Part Two of Politicising Transition

Part Two: Politicising Transition

In the first part of this blog, I praised the creativity and energy of the wider environmental movement in the UK, but identified the unwillingness of many groups to identify capitalism as the social system that generates environmental destruction as a profound flaw. I argued that their depoliticised worldview was a combination of the general depoliticisation of neo-liberal Britain and the fact that these groups are invariably dominated by middle-class capital-rich liberals attracted to solutions that seem to promise sustainable living alongside solid investment returns, and preserved social privilege.
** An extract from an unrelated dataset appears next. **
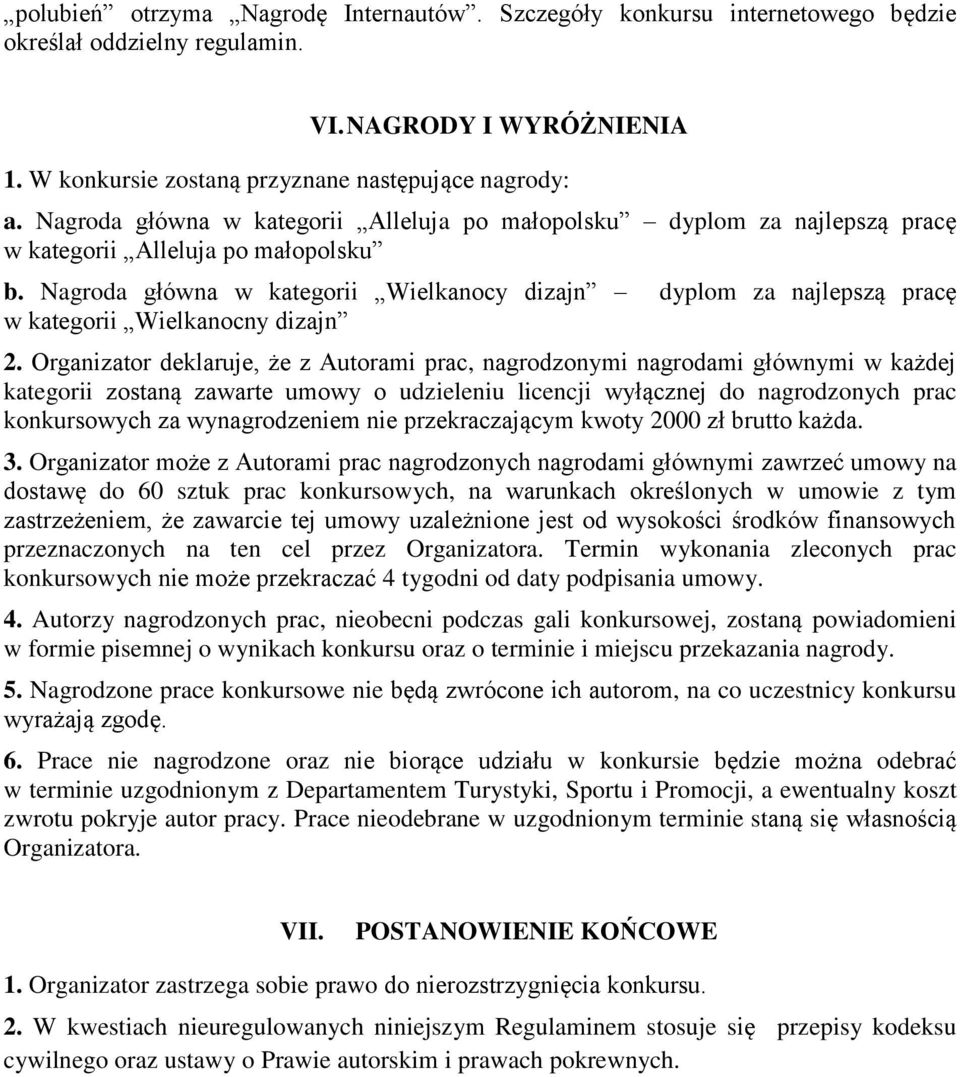 Nagroda główna w kategorii Wielkanocy dizajn dyplom za najlepszą pracę w kategorii Wielkanocny dizajn 2.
I argued that, in this light, Naomi Klein’s new book This Changes Everything: capitalism versus the climate was of huge importance.
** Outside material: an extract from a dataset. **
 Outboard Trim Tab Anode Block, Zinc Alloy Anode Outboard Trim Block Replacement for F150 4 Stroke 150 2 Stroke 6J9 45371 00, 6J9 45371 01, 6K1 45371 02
In this blog, I want to highlight the limits of the hugely influential Transition Network’s strategy of localism and resilience, before suggesting how such movements can get political through methods of popular education.

In the previous blog, I summarised the Transition Network’s ‘big idea’ in the face of stagnation and crisis – localism and resilience. I admire the localist element of this strategy greatly. However, both elements of its big idea equally reflect a liberal, depoliticised approach to social change. Localism ignores the role of the state; resilience seeks, in reality, to shelter from rather than struggle against the social injustice of global capitalism.

What localists fail to recognise is that their efforts to create new local organisational and institutional forms are hugely dependent on the state. If it wasn’t for the regulatory, administrative, fiscal, and financial support that the British state gave local environmental and other social enterprise initiatives, they would not be achieving the success they are. The example of the feed-in tariff, addressed in the previous blog, is a case in point. Consequently, if we are seriously interested in changing society we need to be interested in state power.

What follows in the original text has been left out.